- #1

Xyius

- 508

- 4

## Homework Statement

Find ##x[n] \ast h[n]## when ##x[n] = 3 u[2-n]## and ##h[n] = 4\left( \frac{1}{2} \right)^{n+2}u[n+4]## where ##u[n-k]## is the unit step function.

## Homework Equations

None really

## The Attempt at a Solution

So I know this is probably simple but I am confused.

So the convolution is written as,

[tex]\sum_{k=-\infty}^{\infty} 4\left( \frac{1}{2} \right)^{k+2}u[k+4](3)u[2-n+k][/tex]

This simplifies to,

[tex]3\sum_{k=-\infty}^{\infty} \left( \frac{1}{2} \right)^{k}u[k+4]u[2-n+k][/tex]

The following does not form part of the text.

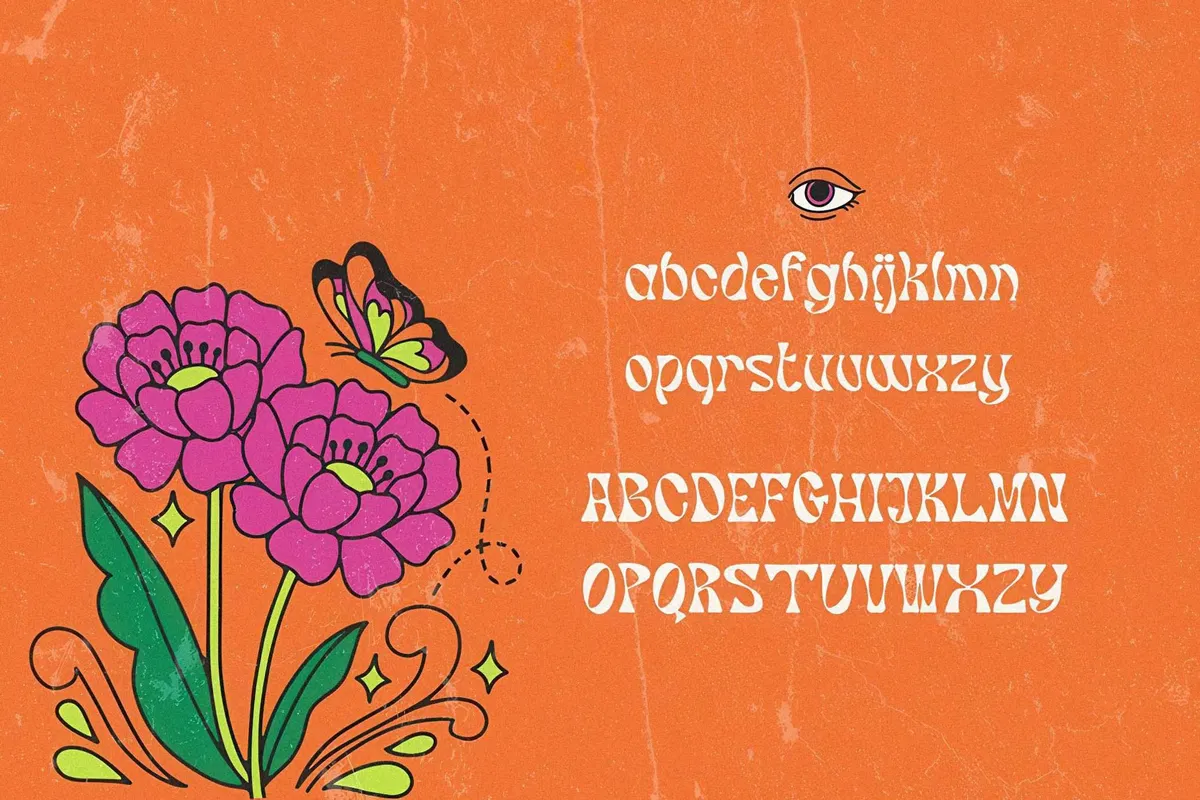 Maverick - Groovy 1960's Typeface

The first step function of ##u[k+4]## means that the terms in the sum corresponding to ## k < -4 ## are zero, therefore this becomes the bottom limit.

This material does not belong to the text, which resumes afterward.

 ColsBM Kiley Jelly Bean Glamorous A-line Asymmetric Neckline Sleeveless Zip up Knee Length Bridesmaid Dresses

[tex]3\sum_{k=-4}^{\infty} \left( \frac{1}{2} \right)^{k}u[2-n+k][/tex]

This form is confusing to me. I don't see an obvious limit on k except for that its LOWER limit is ##n-2##. What I tried to do is do some change of variables, such as ##k'=2-n+k##, this changes the lower limit to -2-n and the upper limit to infinity. So I have...

[tex]3\sum_{k'=-2-n}^{\infty} \left( \frac{1}{2} \right)^{k'-2+n}u[k'][/tex]

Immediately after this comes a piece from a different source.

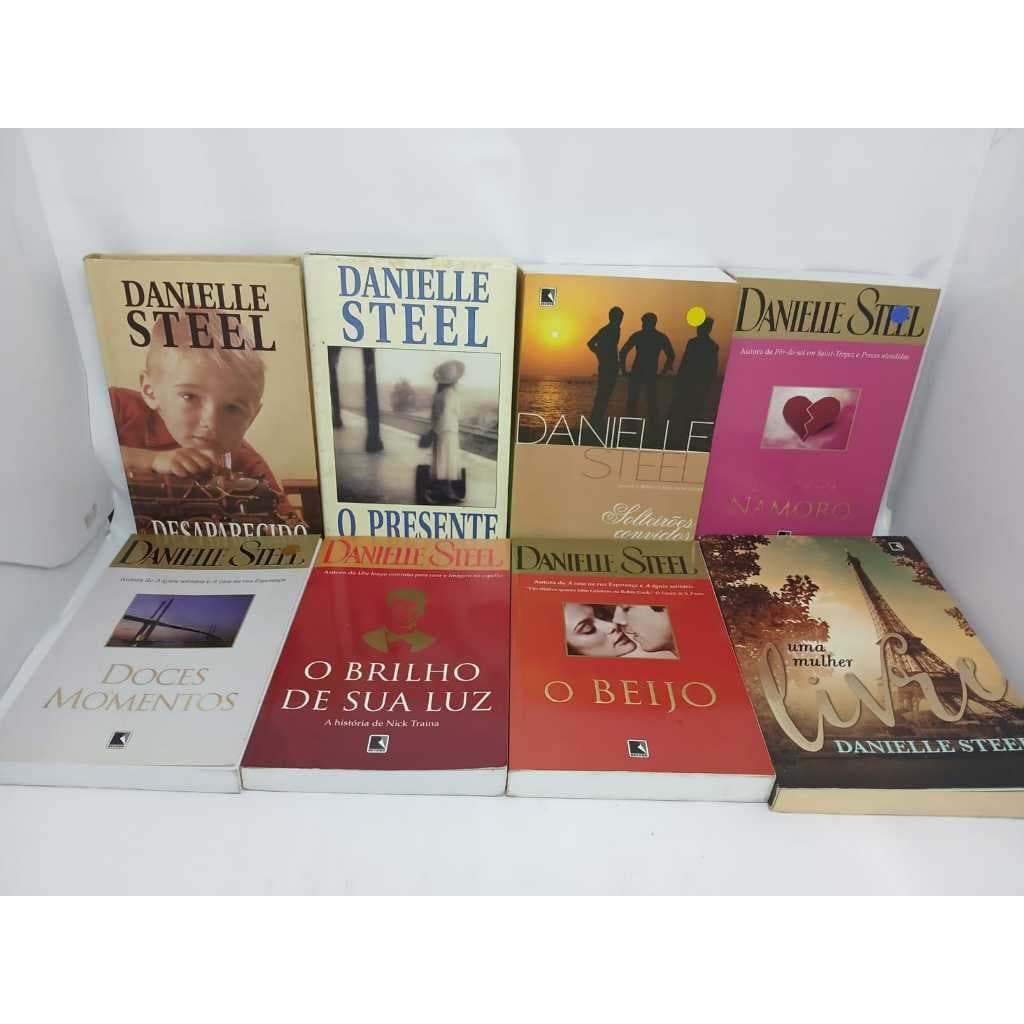 Livros Danielle Steel Editora Record O Presente O Beijo Uma Mulher Livre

So this means that ##k'## must be larger than zero, which means ## n < -2##. So in this regime, the step function is 1 and I get..

[tex]3\sum_{k'=0}^{\infty} \left( \frac{1}{2} \right)^{k'-2+n}=3\left( \frac{1}{2} \right)^{n-1}[/tex]

Am I doing this correctly? I am just not sure. Thank you in advance for anyone that takes the time to read this!